Ah, y ojalá los medios de comunicación hicieran gala de la responsabilidad de la que adolecen los líderes políticos de uno y otro bando, y dejaran de avivar el fuego con gasolina. Pero claro, esos medios, en estos tiempos aciagos para el debate y el intercambio de ideas, ya no son de comunicación, sino de propaganda.

«Europa no lo permitirá y parará los pies a Rajoy». Cuánta inocencia. Europa, en el peor de los casos, como mucho, hará algún comunicado, anunciará alguna sanción de pacotilla, y pelillos a la mar. Sobre el papel de Europa, recomiendo vivamente este artículo de Rafael Poch, corresponsal de ‘La Vanguardia’ en París. Brillante y contundente.

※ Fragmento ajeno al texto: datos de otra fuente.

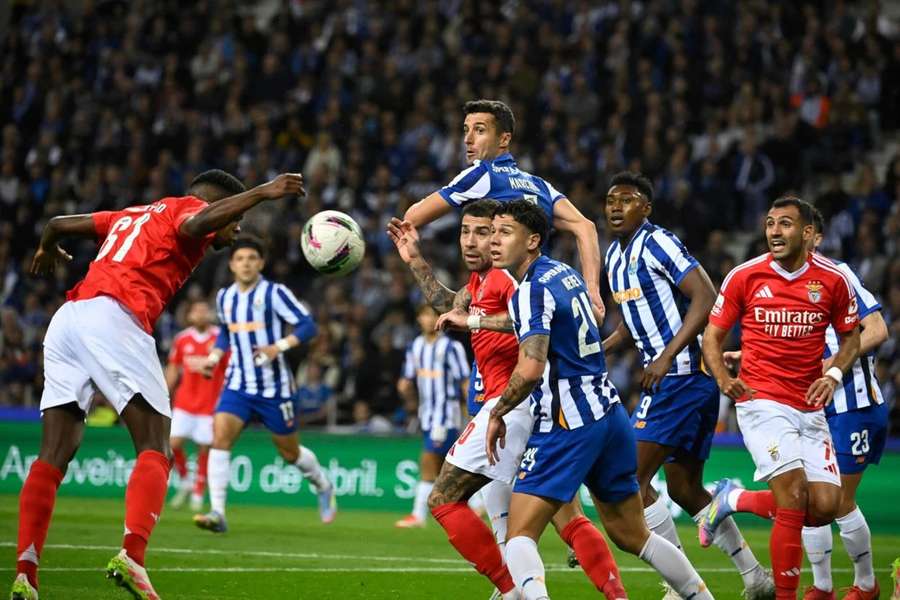 FC Porto e Benfica medem forças no clássico no Estádio do Dragão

Me gustaría que el procés fuera un proceso realmente revolucionario, que fuera el desencadenante de una verdadera transformación en el resto de España, que desembocara, por ejemplo, en la Tercera República. Pero no lo es, y mira que hay gente a la que aprecio que lo cree de verdad, que piensa que es una oportunidad a la que no podemos renunciar, pero es que hay tantas cosas que chirrían… Una revolución tiene que ser sobre todo social, que su desencadenante sea la voluntad de transformar una realidad manifiestamente injusta a partir de valores como la solidaridad, el altruismo y la justicia social. Pero lo que pasa en Catalunya no va de eso, sino básicamente de sueños nacionalistas y resentimiento. No voy a profundizar en el tema, porque ya he escrito varios artículos sobre ello.

El caso es que me apena la situación a la que hemos llegado, y me conformaría con que eso fuera todo, y que la inquietud por lo que pueda pasar acabe esfumándose. Por ahora, sin embargo, la sensación extraña sigue ahí.